— Prompt —
In the data below, find the line that contains "forest #cobra#snake #lizard#wildlife" and the line that contains "Ca tra sap bay". Copy both, plus every line between them, exactly.

— Data excerpts —
+ + +
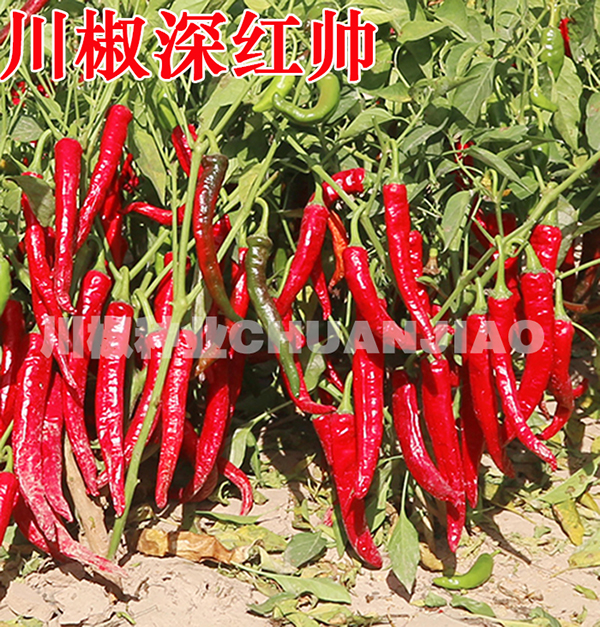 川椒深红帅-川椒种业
+ + +
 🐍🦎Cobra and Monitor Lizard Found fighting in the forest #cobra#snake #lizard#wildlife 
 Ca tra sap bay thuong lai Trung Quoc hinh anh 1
+ + +
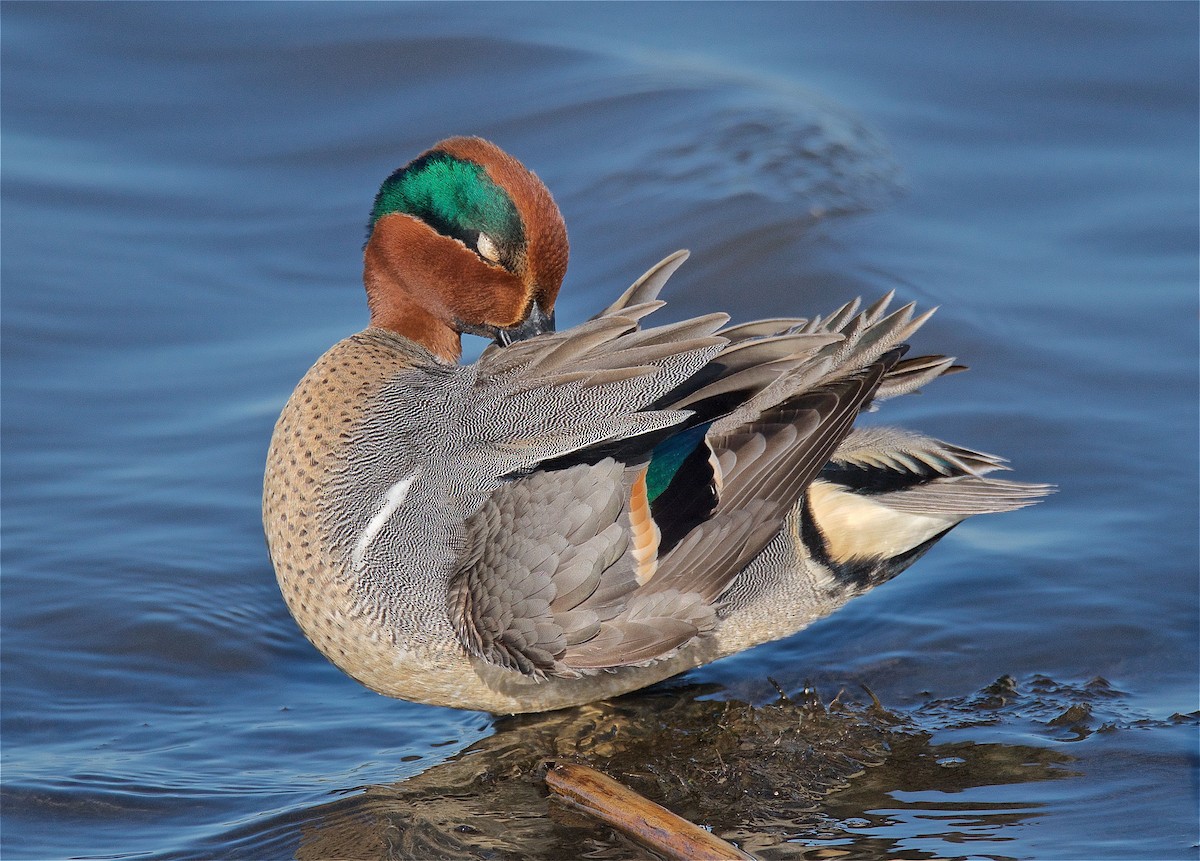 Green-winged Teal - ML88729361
+ + +
— Your solution —
 🐍🦎Cobra and Monitor Lizard Found fighting in the forest #cobra#snake #lizard#wildlife 
 Ca tra sap bay thuong lai Trung Quoc hinh anh 1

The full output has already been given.